Cela me rappelle le conte du Suisse qui mangeait une omelette au lard un jour maigre, et qui, entendant tonner, s’écria : « Grand Dieu ! voilà bien du bruit pour une omelette au lard[2]. » Les Genevois pourraient faire cette exclamation en s’adressant à Louis XV. La fin de ce blocus ne tournera pas à l’avantage du peuple. Ce qu’ils pourraient faire de plus judicieux serait de céder aux conjonctures, et de s’accommoder. Si l’obstination et l’animosité les en empêchent, leur dernière ressource est l’asile que je leur prépare, et qui se trouve dans un lieu que vous jugez très-bien qui leur sera convenable [3].
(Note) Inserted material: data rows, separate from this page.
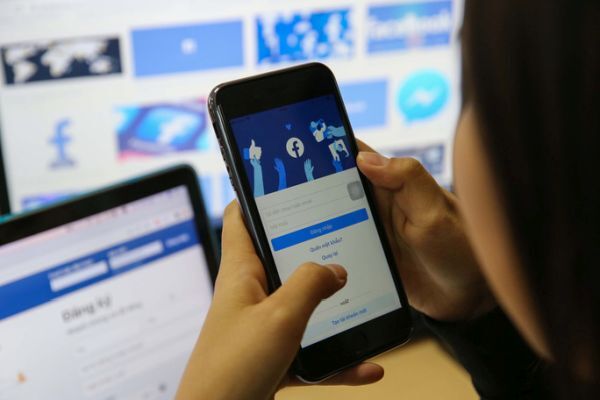 Facebook sẽ gỡ bỏ những tài khoản không sử dụng tên thật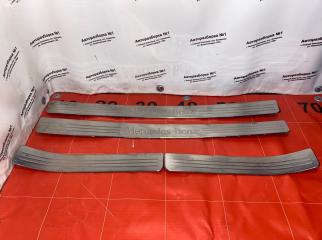 Накладка порога mercedes-benz C-class 2009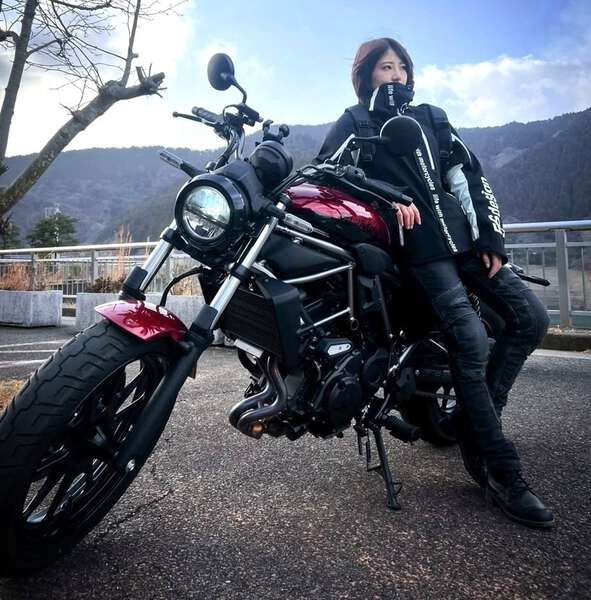 【 元乃木坂46・若月佑美 】 愛車カワサキ「ELIMINATOR PLAZA EDITION」 ツーリング姿を公開 「新しくツーリング仲間さんも増えたので嬉しみ」 【 元乃木坂46・若月佑美 】 愛車カワサキ「ELIMINATOR PLAZA EDITION」 ツーリング姿を公開 「新しくツーリング仲間さんも増えたので嬉しみ」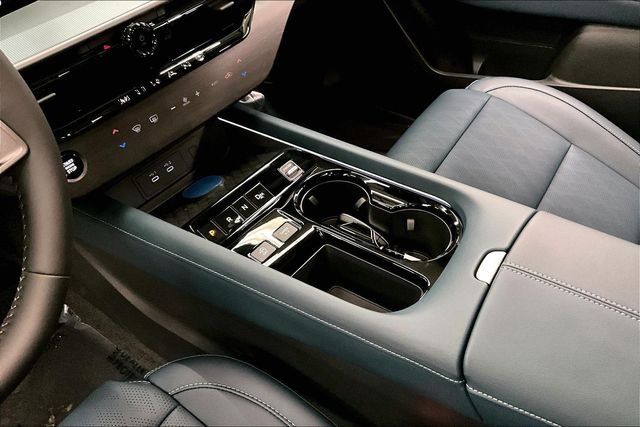 New 2026 Everest White Pearl/Black Nissan Platinum image 9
Je ne sais quel est le jeune homme dont vous me parlez[4]. Je m’informerai s’il se trouve à Wesel quelqu’un de ce nom. En cas qu’il y soit, votre recommandation ne lui sera pas inutile.

Voici de suite trois jugements bien honteux pour les parlements de France. Les Calas, les Sirven et La Barre devraient ouvrir les yeux au gouvernement, et le porter à la réforme des procédures criminelles ; mais on ne corrige les abus que quand ils sont parvenus à leur comble. Quand ces cours de justice auront fait rouer quelque duc et pair par distraction, les grandes maisons crieront, les courtisans mèneront grand bruit, et les calamités publiques parviendront au trône.

Pendant la guerre, il y avait une contagion à Breslau : on enterrait cent vingt personnes par jour ; une comtesse dit : « Dieu merci, la grande noblesse est épargnée ; ce n’est que le peuple qui meurt. » Voilà l’image de ce que pensent les gens en place, qui se croient pétris de molécules plus précieuses que ce qui fait la composition du peuple qu’ils oppriment. Cela a été ainsi presque de tout temps. L’allure des grandes monarchies est la même. Il n’y a guère que ceux qui ont souffert l’oppression qui la connaissent et la détestent. Ces enfants de la fortune, qu’elle a engourdis dans la prospérité, pensent que les maux du peuple sont exagération, que des injustices sont des méprises ; et pourvu que le premier ressort aille, il importe peu du reste.

Je souhaite, puisque la destinée du monde est d’être mené ainsi, que la guerre s’écarte de votre habitation, et que vous jouissiez paisiblement dans votre retraite d’un repos qui vous est dû, sous les ombrages des lauriers d’Apollon : je souhaite encore que, dans cette douce retraite, vous ayez autant de plaisir que vos ouvrages en ont donné à vos lecteurs. À moins d’être au troisième ciel[5], vous ne sauriez être plus heureux.

Fédéric.

  1. Le Mémoire de Sudre ou celui d’Elie de Beaumont, mentionnés dans la note, tome XXIV, page 365, sous les nos ii et iv.
  2. Beaucoup d’auteurs, et Voltaire lui-même (voyez tome XXVI, page 498), attribuent ce mot à Desbarreaux.
  3. À Clèves ; voyez lettres 6409, 6439, 6444, 6454, 6460.
  4. La lettre où Voltaire parle, pour la première fois, à Frédéric du malheureux d’Étallonde de Morival paraît perdue. (B.) — Dominique de Morival, cadet au régiment d’infanterie du général d’Eichmann, n° 48, à Wesel, fut nommé officier le 27 avril 1767.
  5. « Au premier ciel. » (Œuvres posthumes, édit. de Berlin.)